Strona 1 z 1

Artykuł z czasopisma 4X4 na temat liftu - LIFT

: 2010-11-06, 19:06
autor: Susel_125
Witam taki oto artykuł znalazłem jakiś czas temu w czasopiśmie 4X4 :

{ Wielu młodych off-roaderów podnosi swoje terenówki w ,,kosmos”. Panowie nie tędy droga! Wasze zanadto podniesione auta przestają się prowadzić i to z kilku powodów. Po pierwsze układy kierownicze nie znoszą zbytniego podnoszenia przekładni kierowniczej względem mostu napędowego i układu kierowniczego. Po drugie Wasze wały napędowe nie tolerują zbyt dobrze oddalenia pionowego reduktora od główki mostu. Przykładowo w takim Patrolu Y61 już przy lifcie zawieszenia o 2 cale należy opuszczać skrzynię biegów z reduktorem względem ramy. Po co? Żeby krzyżaki wału napędowego nie rozleciały się pracując na granicy ryzyka. Kolejny problem pojawia się , jeśli weźmiemy pod uwagę podwyższony środek ciężkości samochodu terenowego. W rezultacie wszelkie tzw. SPOA czy lifty karoserii względem ramy przynoszą przeciwny do zamierzonego efekt. Nierozważnie podniesione auto ma gorszy wykrzyż od oryginalnej konstrukcji, a zbyt wysoko położony środek ciężkości powoduje niebezpieczne balansowanie na trawersach , nawet tych niewielkich i wprost fatalne warunki prowadzenia auta. Szkopuł tkwi w długości i skoku amortyzatorów, a prawidłowo działające zawieszenie nie będzie wcale zbyt wysokie, ale za to będzie się ,,otwierało” w dół w nieco większym stopniu od oryginalnego. Na szczęście problem zbytniego podnoszenia aut występuje we wszystkich tych modelach samochodów terenowych, w których karoseria ma zbyt ciasne nadkola błotników na tzw. duże koła. }


W ExplorerII z przodu mamy półoski z przegubami które też zaczynają pracować pod większym kątem kiedy podnosimy na drążkach zawieszenie. Wiele artykułów na forum jest na temat liftu zawieszenia czy nawet podnoszenia na ramie ,można też założyć opony o większym profilu chociaż też za duże nie wejdą bez podniesienia auta. Ja do swojego założyłem jak na razie 265/75/R16 i wszystko pasuje bez żadnego ocierania, a mam oryginalne zawieszenie. Też myślałem o lifcie zawieszenia. Mój sąsiad który jeździ nowym terenowym SsangYoung Actyon odradza mi podnoszenie auta ze względu na złe prowadzenie. Przytacza mi też swój przykład kiedy musiał nagle wykonać test „łosia’’ gdyż wyjechało mu auto z podporządkowanej, twierdzi że gdyby miał podniesione zawieszenie to mógłby się wywrócić.
Zwracam się z prośbą do użytkowników Fordów aby wypowiedzieli swoje opinie na forum jak się jeździ jak prowadzi samochód po lifcie. Wiem że fajnie wygląda taki wysoki. Może ktoś miał jakieś przygody np. pokonywał zakręt na dwóch kołach bo za szybko wszedł w niego. Raz ktoś pokazywał na forum ExII po dachowaniu przez lift. Ja po zamontowaniu tylko opon o wyższym profilu to boję się jeździć szybciej niż 120km/h, przeważnie 100, ale może to moje obawy gdyż to pierwsza terenówka i trzeba przywyknąć do bujania.

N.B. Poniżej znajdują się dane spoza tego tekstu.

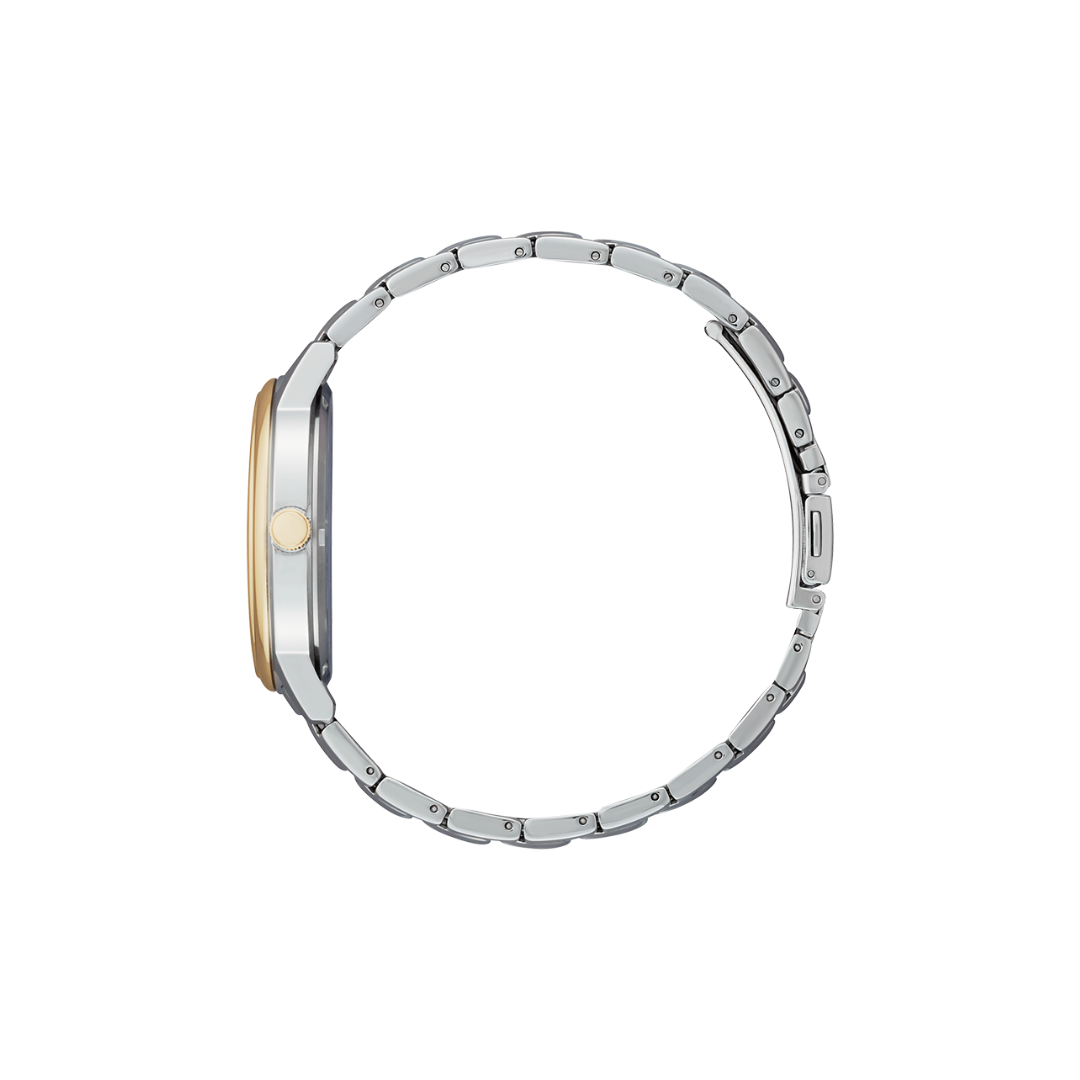 Citizen AW1676-86A Men’s Eco-Drive Watch – Two-Tone Stainless Steel – White Dial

Re: Artykuł z czasopisma 4X4 na temat liftu - LIFT

: 2010-11-06, 19:34
autor: przemos30
Susel_125. Nie wiem kto pisał ten artykół. Ma pewnie racjie ale ja Ci powiem tak; przed wczoraj podniosłem mojego plaskacza o 5cm do góry. Z przodu na drążkach z tyłu na wieszakach. Efekt jest taki że prowadzenie auta zmieniło się diametralnie na lepsze. Autko jest teraz bardziej stabilne i lepiej się prowadzi. Do tego jak dostanie większe koła[czytaj szersze] będzie jeszcze bardziej stabilny. W poprzednim Ex miałem też tylko założone większe opony[265/75/16] i jakoś nie potrafiłem go przewrócić przy jakiś ostrych zakrętach. Co do krzyżaków i innych podzespołów ma gość racjie, dlatego musisz robić lift odpowiedni do auta. Każdy większy lift zawsze wiąże się z wymianą i przeróbkami zawieszeń i innych podzespołów. Na konie przypomne tylko że nasze zabawki ważą 2T i trzeba naprawde paru kilometrów praktyki żeby umieć opanować takie auto.

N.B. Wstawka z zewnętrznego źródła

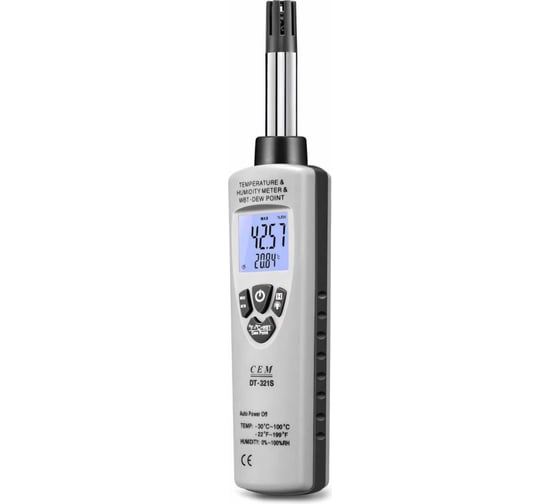Цифровой гигро-термометр СЕМ DT-321S 480359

Re: Artykuł z czasopisma 4X4 na temat liftu - LIFT

: 2010-11-06, 19:42
autor: Rad-T
zawsze każdemu kto pyta o lift explorerów powtarzam, że jak podnosisz to też poszerzaj. Każdy lift wiąże się z podniesieniem środka ciężkości. Jak nie poszerzysz - auto będzie bardziej podatne na wywrotkę. Więc albo odsadzone felgi, albo dystanse. Inna sprawa, że jeżdżenie wyliftowanym samochodem z prędkościami powyżej 100 to już igranie z losem.

Co ciekawe ja w swoim po podniesieniu auta o 2" (dodatkowy resor, podkręcone drążki), oraz wstawieniu odsadzonych felg i szerszych opon odczułem zdecydowane poprawienie własności jezdnych auta. Prowadziło się zdecydowanie pewniej.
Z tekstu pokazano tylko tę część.